Une famille parisienne, bobo, banale. Une mère au foyer qui voit sa vie s’éteindre à mesure qu’elle s’enferme dans une routine domestique. Un père qui ne remarque pas que sa femme est au bout du rouleau et qui poursuit son rêve de devenir un producteur de musique reconnu. Le décor est planté. Alors lorsqu’une amie recommande Louise, nounou exceptionnelle, les parents débordés l’engagent sans beaucoup hésiter. Le piège se referme.

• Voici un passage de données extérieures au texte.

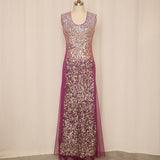 Vivienne Tam Sequined Purple Dress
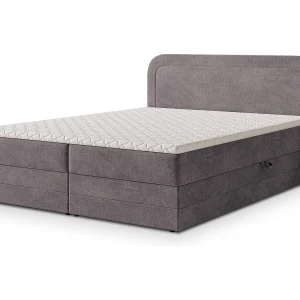 Boxspringbed ARMEL 140×200 cm Set met hoofdbord, bedbodem en matras, Paars Boxspringbed ARMEL 140×200 cm Set met hoofdbord, bedbodem en matras, Paars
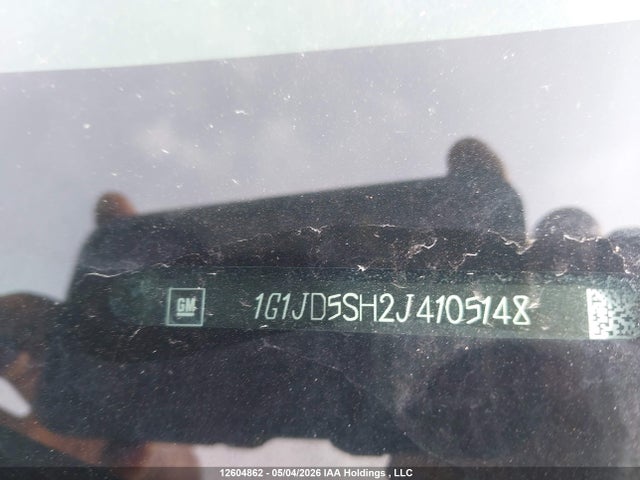 1G1JD5SH2J4105148 Chevrolet Sonic Lt Auto
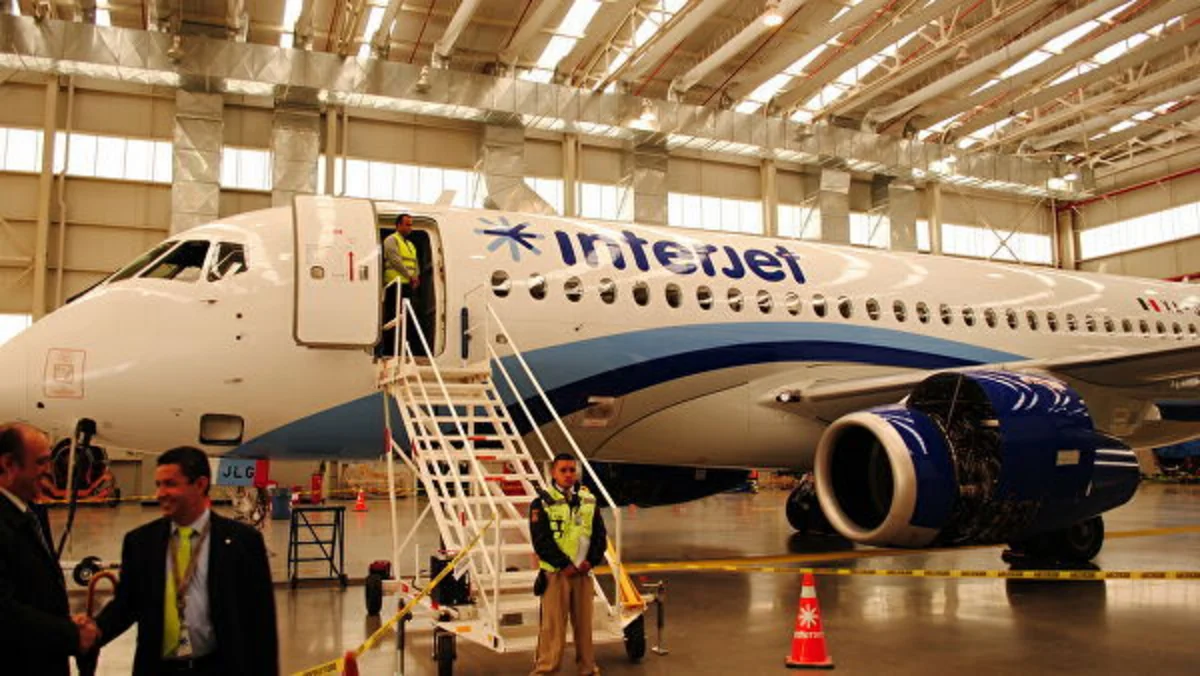 Мексиканская Interjet ищет покупателей на SSJ100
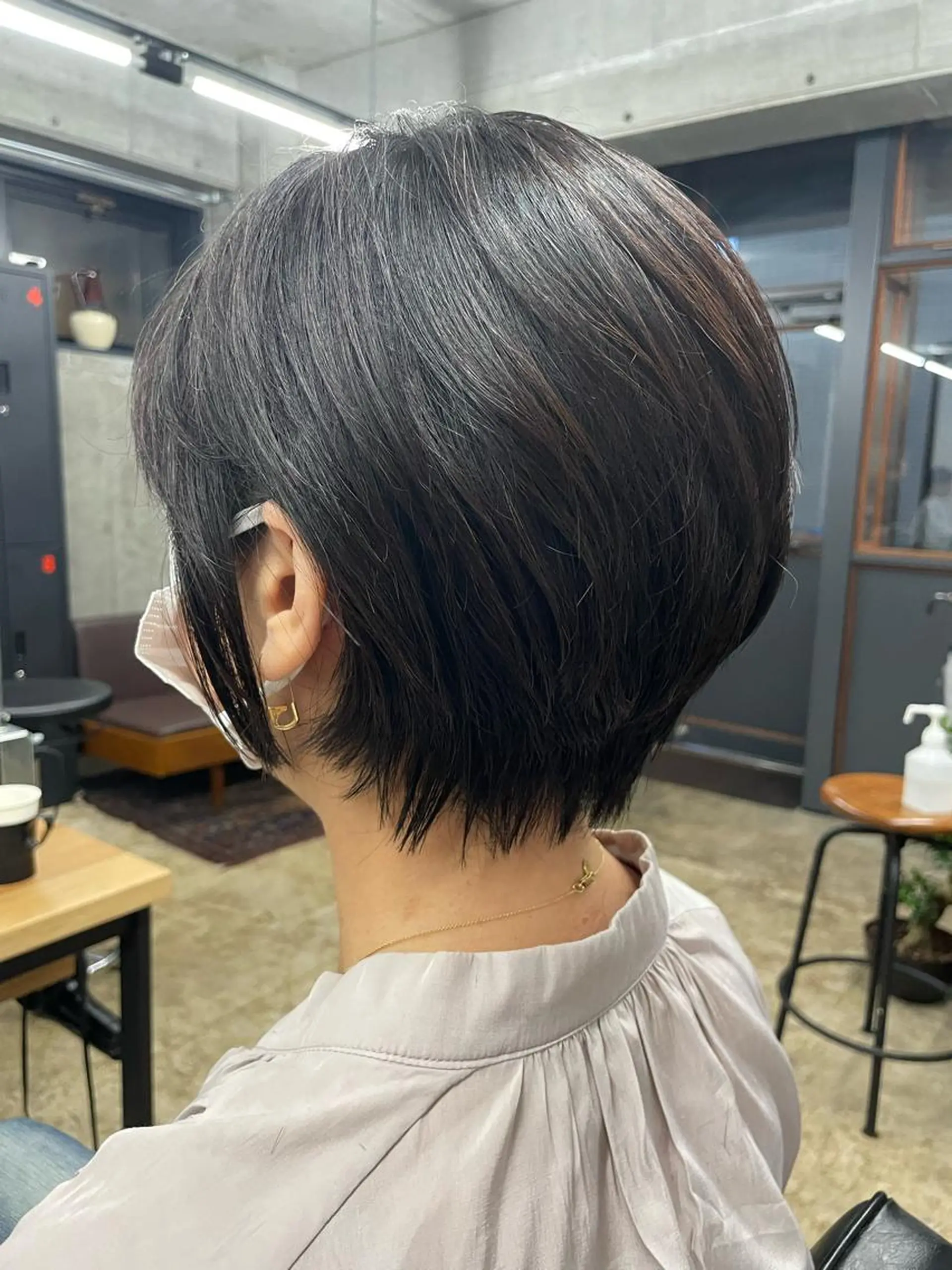 ショート カット トリートメント ボブ/透明感カラー EMIRIのヘアスタイル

« La vie est devenue une succession de tâches, d’engagements à remplir, de rendez-vous à ne pas manquer. Myriam et Paul sont débordés. Ils aiment à le répéter comme si cet épuisement était le signe avant-coureur de la réussite. »
Happée par l’histoire dès la première phrase du livre, j’avais soif de connaître les circonstances du drame. Acteur du roman, le lecteur essaye de repérer le moindre élément changeant, la moindre situation charnière, le point de non-retour où tout a basculé.
La magie de ce roman opère grâce au talent de l’auteure qui transforme une banale histoire de famille en terrain propice à l’horreur. Le théâtre de la vie humaine, les affres du quotidien, les travers des personnages qui ne sont ni tout noir ni tout blanc, tout y est ! En même temps, nous avons le droit à une belle satire de la société actuelle ; dans laquelle la réussite, la réalisation professionnelle et l’envie de construire une vie de famille ne font pas toujours bon ménage.
J’ai été entièrement plongée dans ce texte fluide et bien écrit et j’en ai même rêvé… Un livre qui fait froid dans le dos et qui va me poursuivre encore longtemps.